As you say; it makes perfect sense to do so. Even if you can't change the bulbs yourself it is convenient to be able to provide a garage who can with the correct bulb. This, in our experience, can save time and frustration when your bulbs are not available locally.

I'm at a loss to know why people get their knickers in a twist over the list of requirements for travelling abroad. Each one of them is there for the best of reasons and is what most sensible people would carry anyway: spare glasses in case you break your current pair and so can't drive, a reflective jacket so that you're less likely to be splattered all over the road by a driver who fails to see you in your dark clothing, and so on.

G


----------



## DTPCHEMICALS (Jul 24, 2006)

Three years ago I was asked to produce a spare bulb, which I did have.
Rear tail light not working. 
I hit the fitting and it came on but gendarmerie wanted to see the bulb changed.
The problem was corrosion on the earth contact.
Dave p


----------



## Mrplodd (Mar 4, 2008)

Personally I would like to see the same rule brought adopted here.

I am fed up to the back teeth of all these "one eyed monsters" driving around with NO lights on one side at the front amd/or rear !!! It was one of my pet hates when I was a Traffic Cop. 

It was always a source of amazement to me that when stopped and asked when the driver last checked there lights to get the reponse "It was MOT'ed in XXX " and the given date was many (as in sometimes six or more  ) months previous :roll: :roll: :roll:


----------



## nicholsong (May 26, 2009)

DTPCHEMICALS said:


> Three years ago I was asked to produce a spare bulb, which I did have.
> Rear tail light not working.
> I hit the fitting and it came on but gendarmerie wanted to see the bulb changed.
> The problem was corrosion on the earth contact.
> Dave p


What happens if you say "I do not know how to change it" - for most situations for me on a dark night it would be true - and "ADAC will be along soon with a spare?"

Do the police wait for ADAC?

Inability to change is much worse with an 'A' Class than a standard cab.

Geoff


----------



## goldi (Feb 4, 2009)

Afternoon all,


no.


norm


----------



## raynipper (Aug 4, 2008)

Nope. Not in 20 years.

Ray.


----------



## DTPCHEMICALS (Jul 24, 2006)

nicholsong said:


> DTPCHEMICALS said:
> 
> 
> > Three years ago I was asked to produce a spare bulb, which I did have.
> ...


You would be escorted to a service station or garage.
DAve p


----------



## Kev1 (Apr 4, 2011)

I work on the principal if I carry everything with me.

The I won't need it :lol:


----------



## pippin (Nov 15, 2007)

Mrplodd

"whereas the *English* hate rules "

Do the residents of the rest of the United Kingdom act differently? 

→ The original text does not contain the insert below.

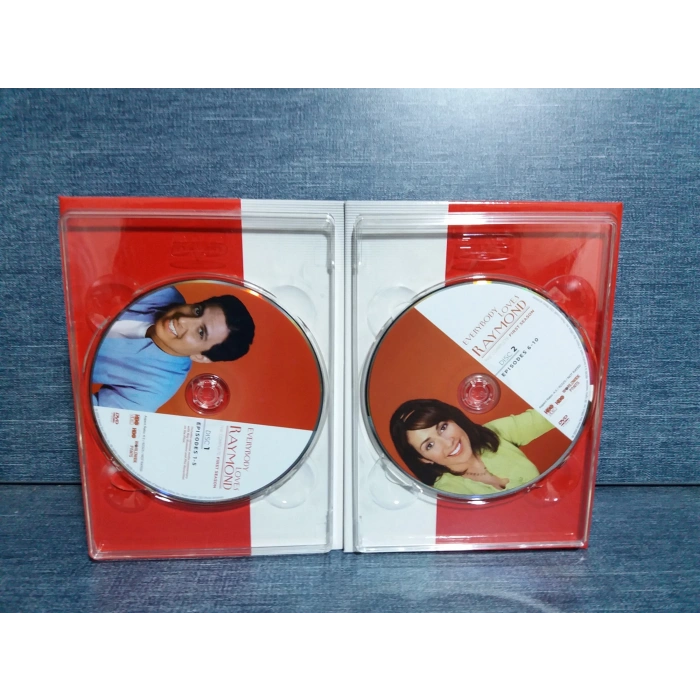 EVERBODY LOVES RAYMOND 1.SEZON 5 CD BOX DVD (İNGİLİZCE)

Seriously, I agree that the number of vehicles on UK roads with lighting faults is catching up with those in Northern Cyprus - and that's going some!

I check mine on the car and the MH every time I reverse into the drive.

The rear lights are reflected in our house windows and the front ones in the windows of the house opposite.


----------



## grizzlyj (Oct 14, 2008)

I've been pulled three times in France, once in Spain, but no-one ever asked for a bulb kit.

I know HIDs and LEDs have a huge lifespan, but they are often not replaceable at the roadside, so will the fund seeking few still insist on seeing a bulb kit even if it doesn't actually fit?!

It is an interesting question though


----------



## Spacerunner (Mar 18, 2006)

I got pulled over for failing to stop at a 'stop' sign.

The third thing the Gendarmette did was to check to see if beam deflectors were fitted, they were.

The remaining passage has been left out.